Your task –
Repeat exactly what runs from the line containing "Caspian - 4-Piece Pack Pub Height Set" through the last line of the material below. Do not copy the pictures.

Supplied records –
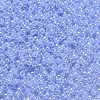TOHO Round Seed Beads X-SEED-TR11-0146-2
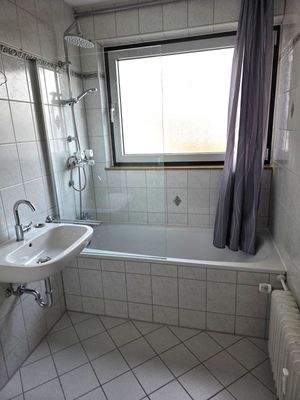 WhatsApp Image 2026-01-14 at 19.30.36 (6).jpeg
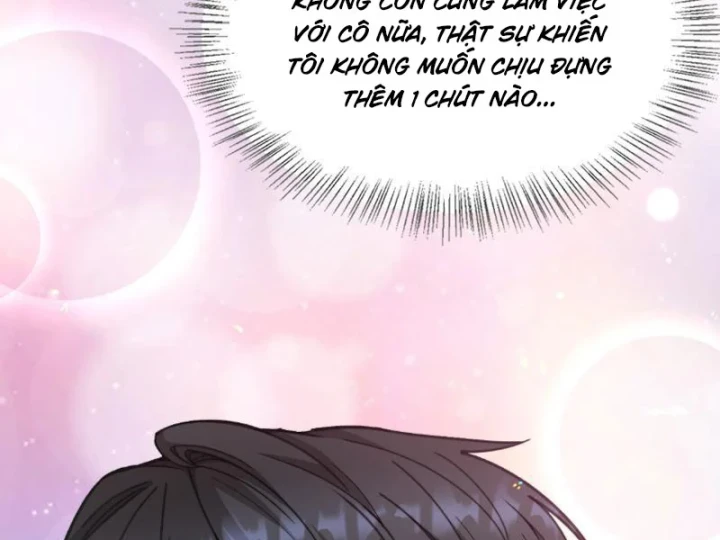 Sau Khi Tự Do Tài Chính, Họ Đã Dâng Hiến Lòng Trung Thành Chapter 81 - 113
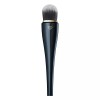 Clé de Peau Beauté 라이트 커버리지 파운데이션 브러쉬 204670 Light Coverage Foundation Brush 204670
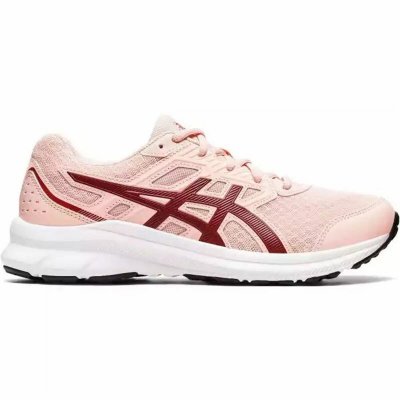 Löparskor, Vuxna Asics Jolt 3 Kvinna Ljusrosa (Fotstorlek: 39)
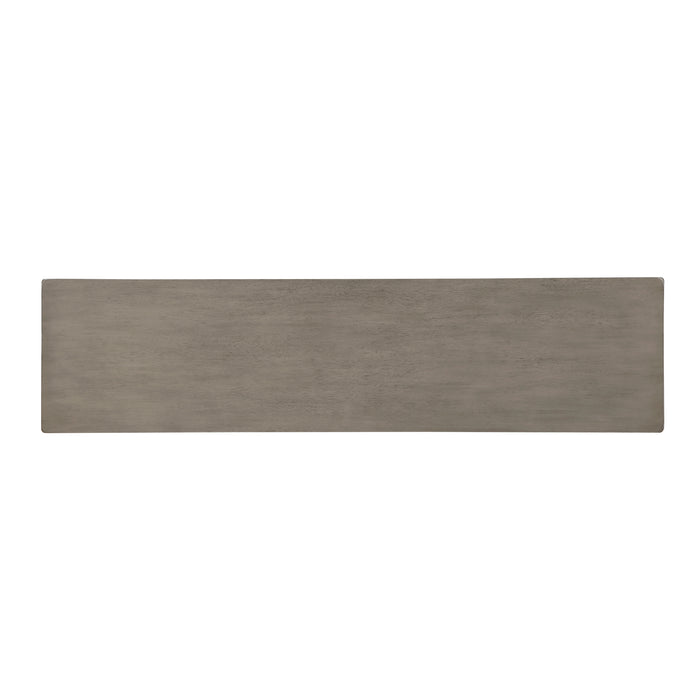 Caspian - 4-Piece Pack Pub Height Set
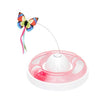 Rosa / Porcelana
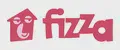 Fizza
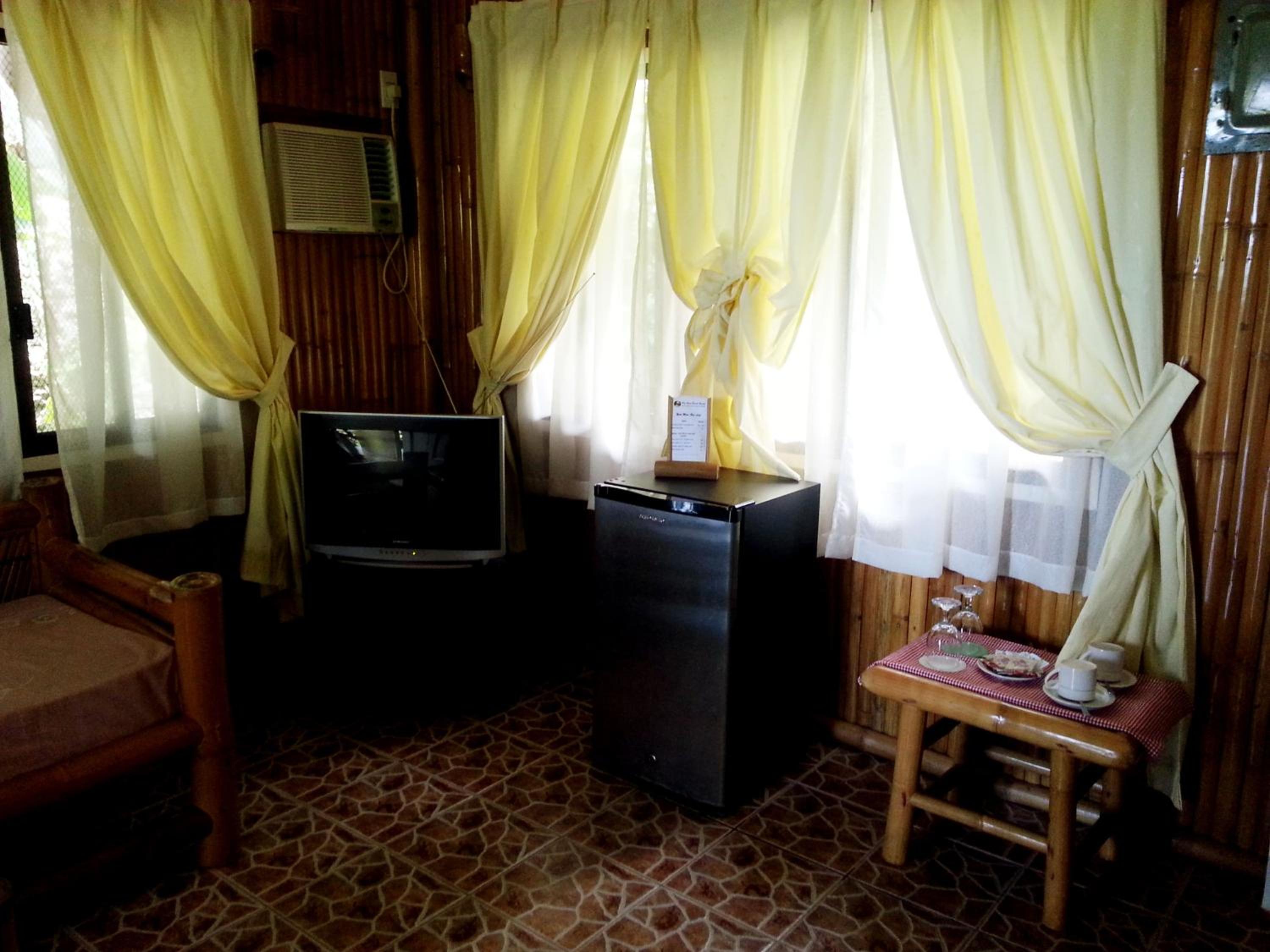 Gorei Bungalow - Photo 11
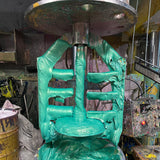 Gleaming Texture Variety Pack, 32oz | Limited Run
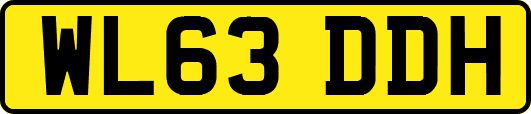 WL63DDH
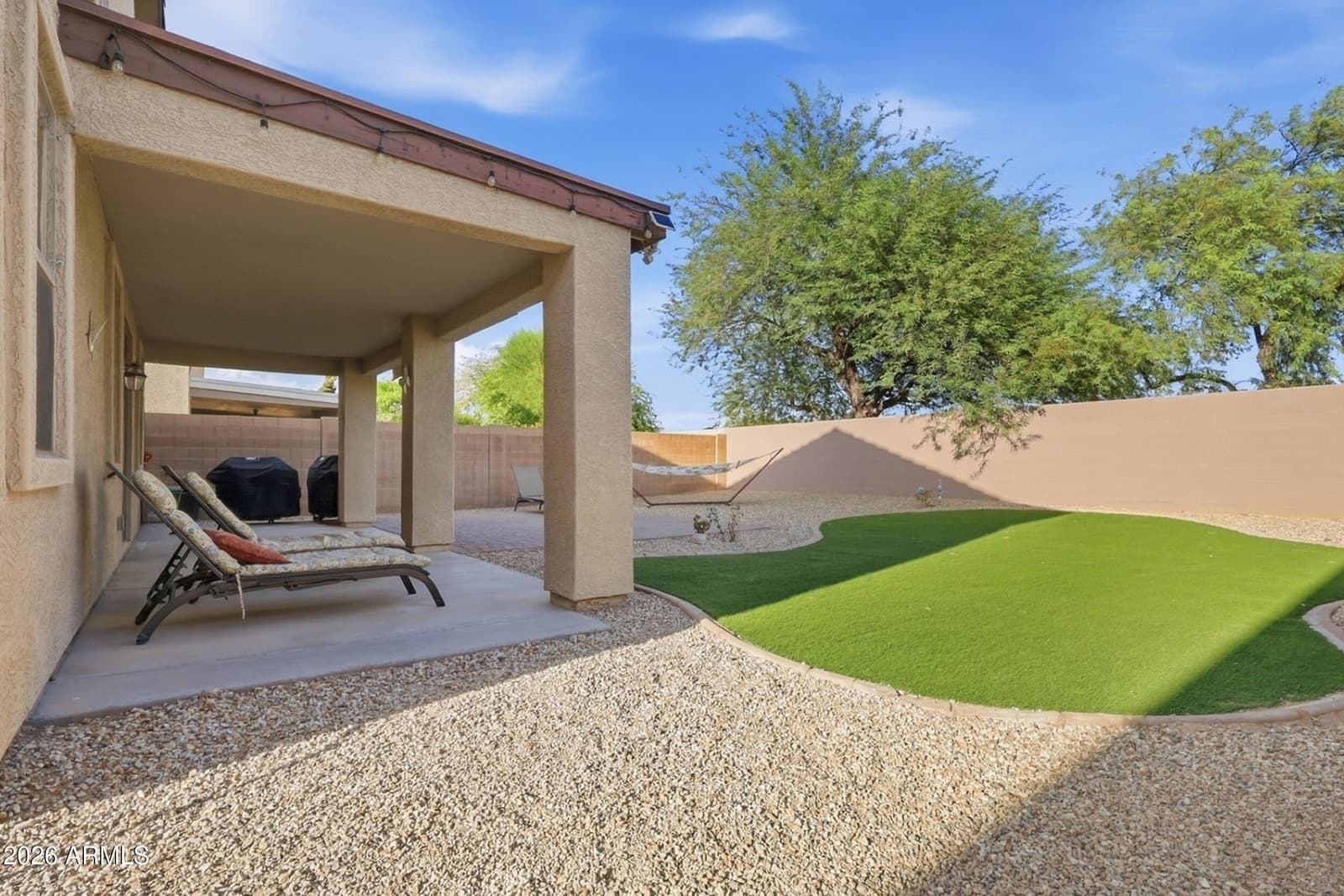 26635 N 75th Drive, Peoria, AZ 85383 — photo 46 of 59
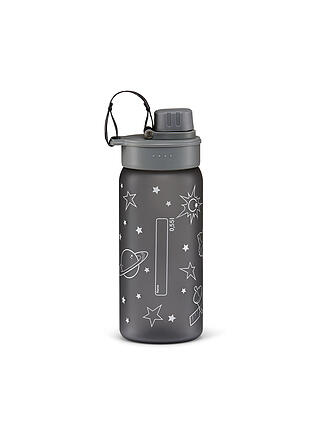 ERGOBAG | Trinkflasche 0,5L Weltall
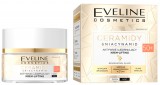 Eveline CERAMIDES & Niacinamide -  (975)   50+ / 50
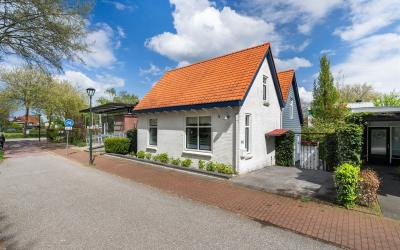 Ziedewijdse. 13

Answer to the problem –
 Caspian - 4-Piece Pack Pub Height Set
 Rosa / Porcelana
 Fizza
 Gorei Bungalow - Photo 11
 Gleaming Texture Variety Pack, 32oz | Limited Run
 WL63DDH
 26635 N 75th Drive, Peoria, AZ 85383 — photo 46 of 59
 ERGOBAG | Trinkflasche 0,5L Weltall
 Eveline CERAMIDES & Niacinamide -  (975)   50+ / 50
 Ziedewijdse. 13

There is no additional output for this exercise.